What the task requires:
Leave the pictures out and quote only the lines from the one with "Zenana Acid washed" down to the end of the listing below.

Data section section start

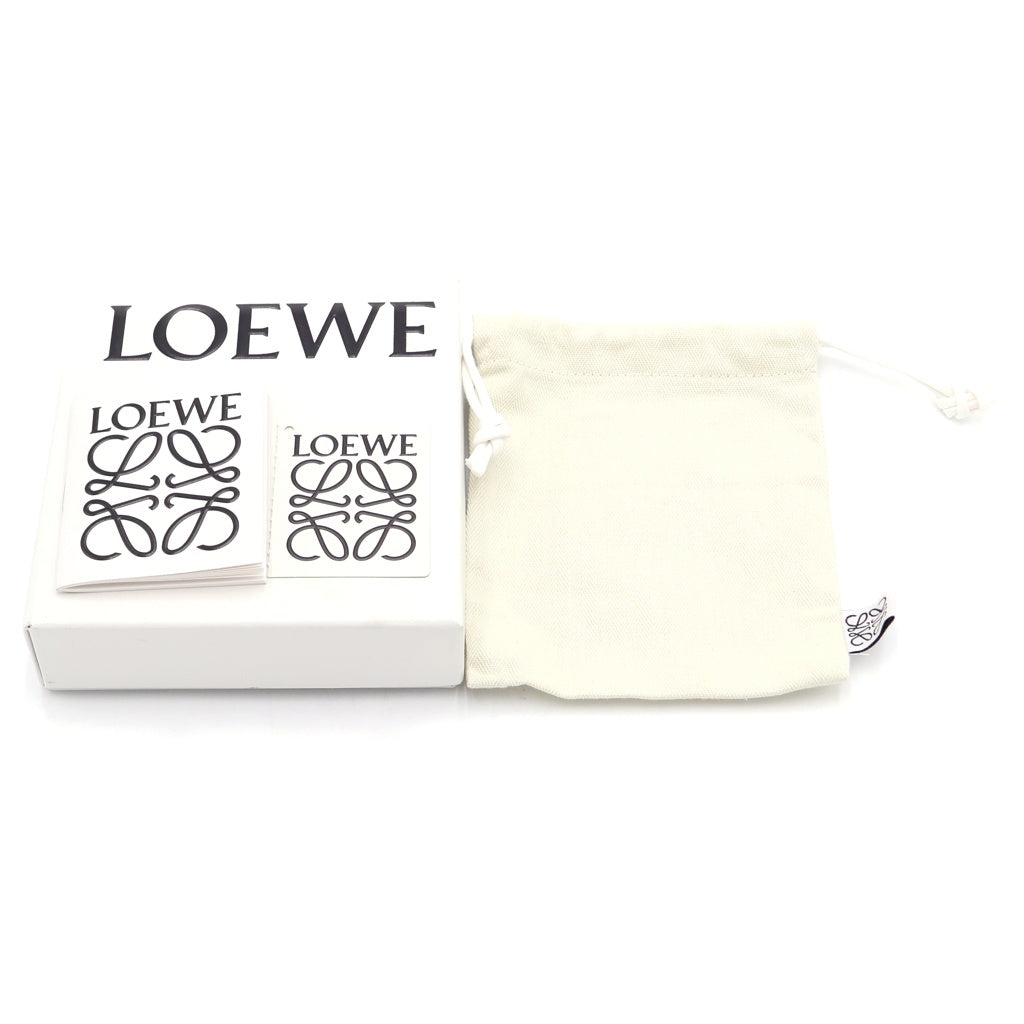 LOEWE(ロエベ) パズル スリム アナグラム コンパクトウォレット 二つ折り財布 コインケース ブラック レザー シルバー金具 レディース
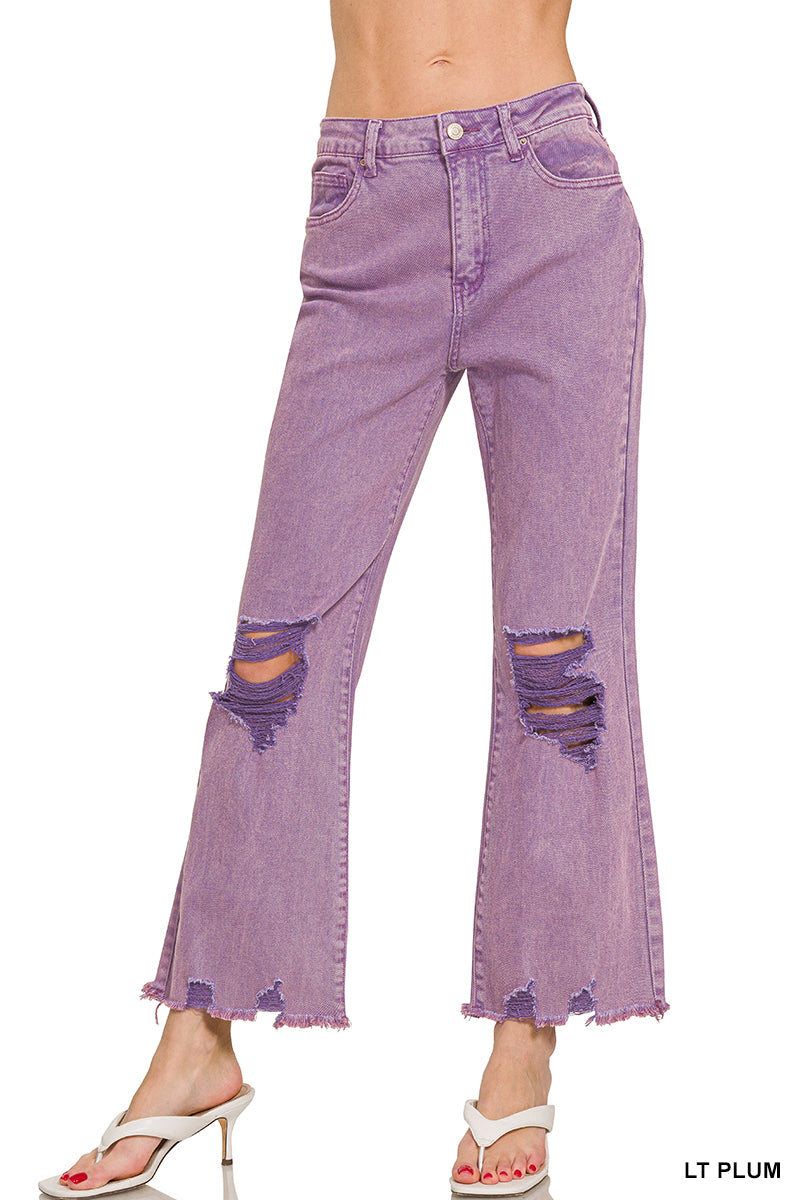 Zenana Acid washed high waist distressed straight pants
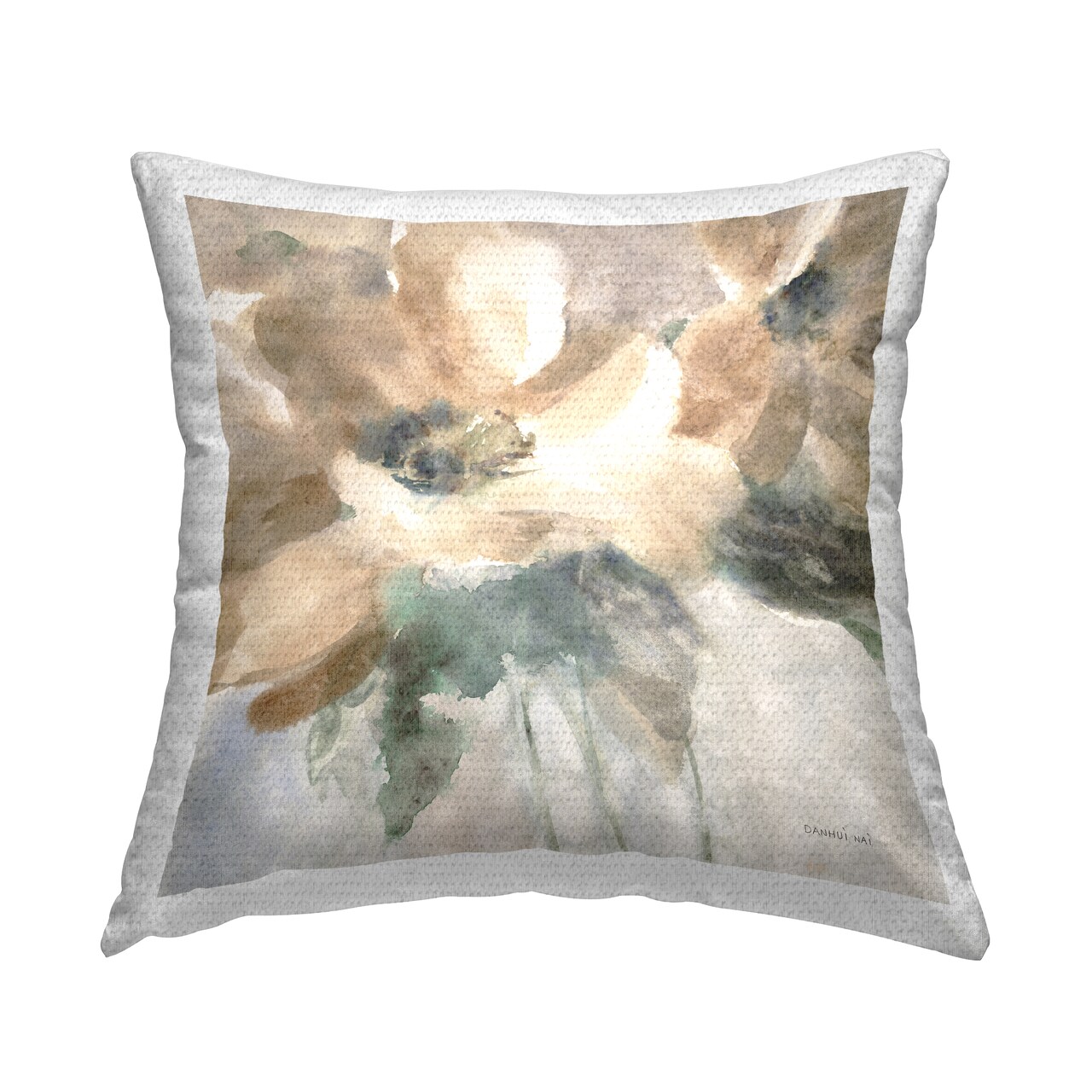 Stupell Industries Abstract Beige Flower Blossoms Outdoor Pillow, 18 x 7 x 18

Data section section end

The completed task:
 Zenana Acid washed high waist distressed straight pants
 Stupell Industries Abstract Beige Flower Blossoms Outdoor Pillow, 18 x 7 x 18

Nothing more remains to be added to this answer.